Hello all.
I am trying to align some WGS reads to a reference genome using bwa-mem and bowtie2. The goal is to align 50 samples, however to do some checks I have selected only one sample and am running some tests on it. After performing all the quality control steps and checking that the sequences seem to be OK, I have aligned them with both bwa-mem and bowtie2 using the following commands:
# FOR BWA-MEM:
# Build the index for the reference
bwa index $ref
# Align reads to reference
bwa mem -t 10 $ref $r1.fq.gz $r2.fq.gz | samtools sort -@ 10 -m 4G > bwa.bam
# FOR BOWTIE2:
# Build the index for the reference
bowtie2-build $ref $ref
# Align reads to reference
bowtie2 -p 4 --no-unal -D 20 -R 3 -N 1 -L 20 -i S,1,0.5 --maxins 350 --minins 0 -x $ref -1 $r1.fq.gz -2 $r2.fq.gz | samtools sort -@ 4 -m 5G > bowtie.bam
The samtools flagstat report for each bam:
# BWA-mem
73066307 + 0 in total (QC-passed reads + QC-failed reads)
71520066 + 0 primary
0 + 0 secondary
1546241 + 0 supplementary
0 + 0 duplicates
0 + 0 primary duplicates
72341933 + 0 mapped (99.01% : N/A)
70795692 + 0 primary mapped (98.99% : N/A)
71520066 + 0 paired in sequencing
35760033 + 0 read1
35760033 + 0 read2
61642364 + 0 properly paired (86.19% : N/A)
70543774 + 0 with itself and mate mapped
251918 + 0 singletons (0.35% : N/A)
7500328 + 0 with mate mapped to a different chr
4271286 + 0 with mate mapped to a different chr (mapQ>=5)
# Bowtie2
53628504 + 0 in total (QC-passed reads + QC-failed reads)
53628504 + 0 primary
0 + 0 secondary
0 + 0 supplementary
0 + 0 duplicates
0 + 0 primary duplicates
53628504 + 0 mapped (100.00% : N/A)
53628504 + 0 primary mapped (100.00% : N/A)
53628504 + 0 paired in sequencing
26862051 + 0 read1
26766453 + 0 read2
28009618 + 0 properly paired (52.23% : N/A)
50436738 + 0 with itself and mate mapped
3191766 + 0 singletons (5.95% : N/A)
10168420 + 0 with mate mapped to a different chr
1949385 + 0 with mate mapped to a different chr (mapQ>=5)
After obtaining the alignments, I have compared them in IGV, however I get some very strange results.
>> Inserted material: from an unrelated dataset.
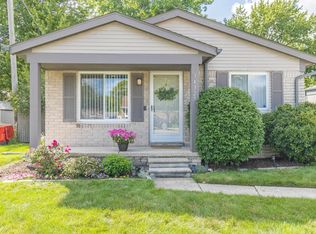 34325 Genereaux St, Harrison Township, MI 48045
There are certain regions in the genome where nothing aligns and others where the coverage is excessive (up to 2000x coverage according to IGV in some regions).
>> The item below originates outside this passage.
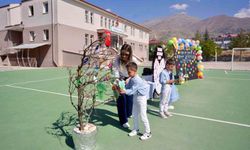 Üzümlü'de İlköğretim Haftası kutlandı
Something seems to be wrong, especially because the sequencing coverage was 15x, so the total coverage should not be as higher as 2000x in some regions (or ~500 as shown in the first screenshot) Any idea what could be the cause of this behavior? Thanks in advance.
Thanks! I was suspecting this as well although I thought maybe there was some glitch in the alignment because in others I have done in Ecoli (with more coverage) I had not observed these results in the IGV. I guess this difference can be due to working with a bacterial model organism and a non-model plant.
I am neither a microbiology- nor a plant person but I would assume that simply due to genome size and annotation status the plant should have more unequal coverage because a) eukaryote genomes are more complex, b) that plant is probably not fully annotated and c) regions like telomers, centromers and repeat stretches complicate the matter.